### What to work on:
Each entry should be returned exactly as written, with no pictures carried over.
══════
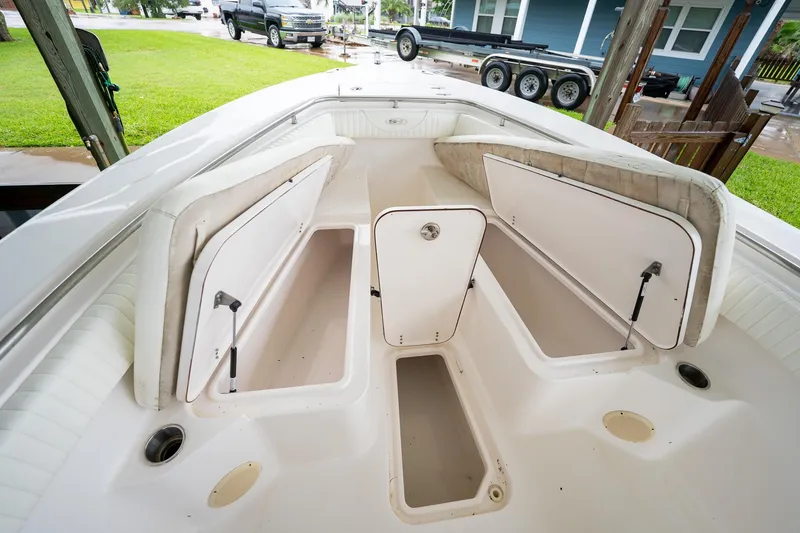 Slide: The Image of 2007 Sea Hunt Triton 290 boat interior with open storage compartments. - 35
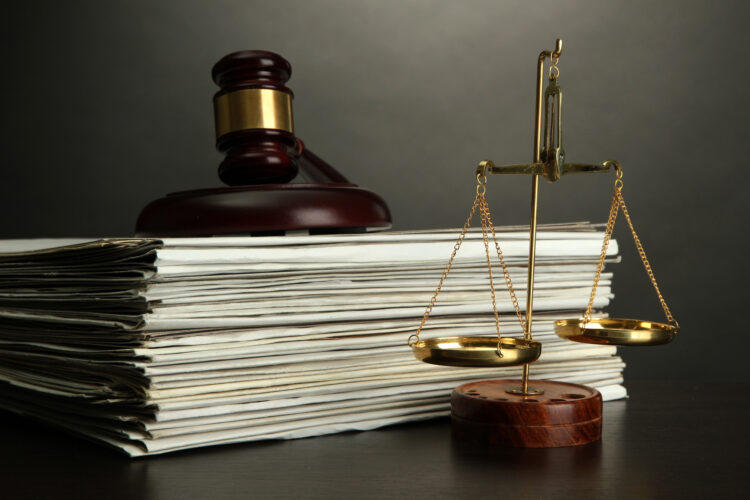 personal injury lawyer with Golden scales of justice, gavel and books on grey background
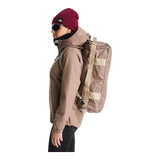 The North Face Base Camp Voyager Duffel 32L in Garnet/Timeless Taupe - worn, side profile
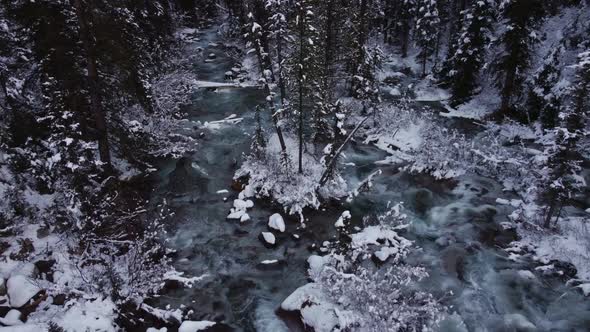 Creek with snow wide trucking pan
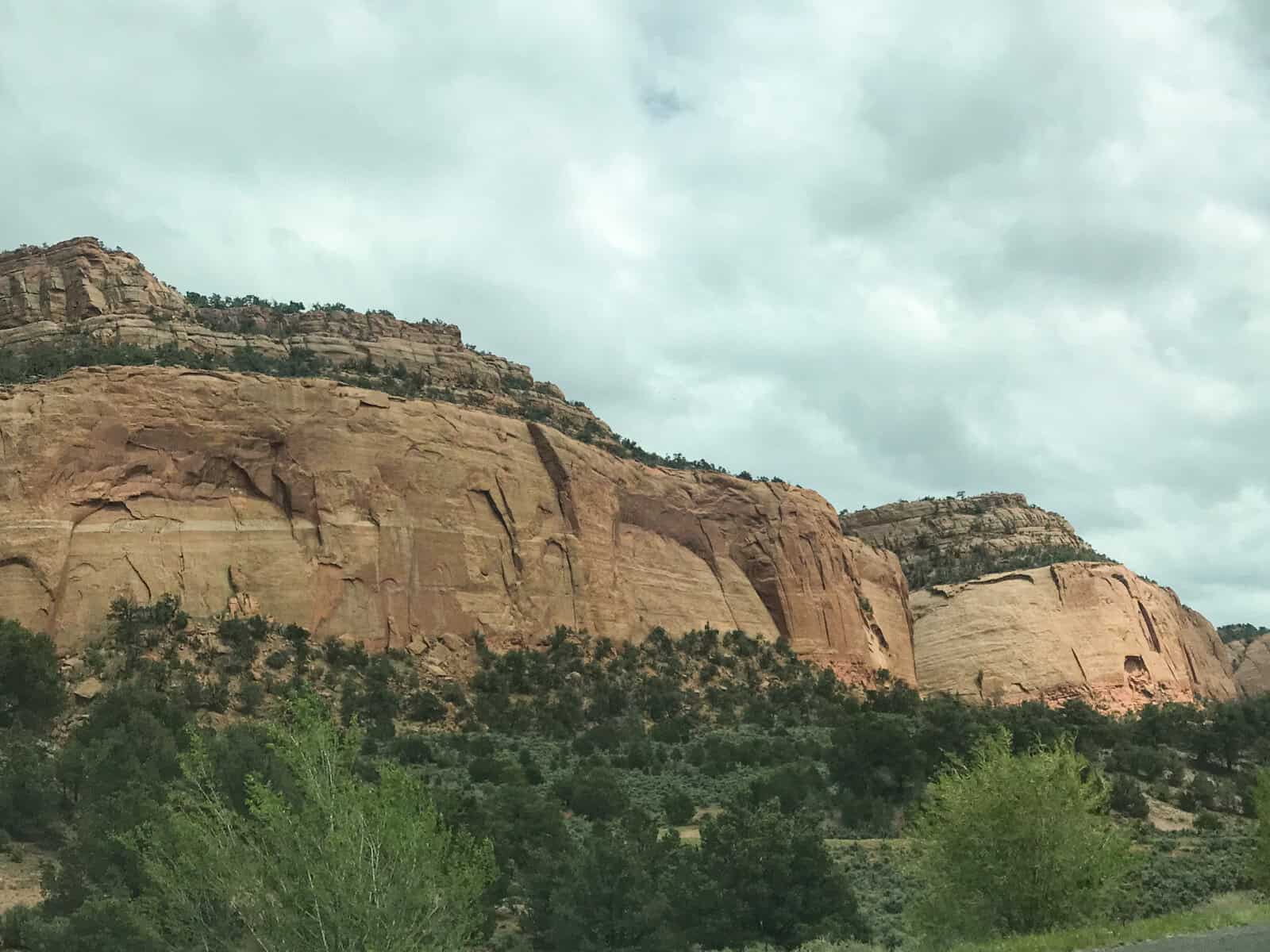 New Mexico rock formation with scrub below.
══════
### Result of this task:
 Slide: The Image of 2007 Sea Hunt Triton 290 boat interior with open storage compartments. - 35
 personal injury lawyer with Golden scales of justice, gavel and books on grey background
 The North Face Base Camp Voyager Duffel 32L in Garnet/Timeless Taupe - worn, side profile
 Creek with snow wide trucking pan
 New Mexico rock formation with scrub below.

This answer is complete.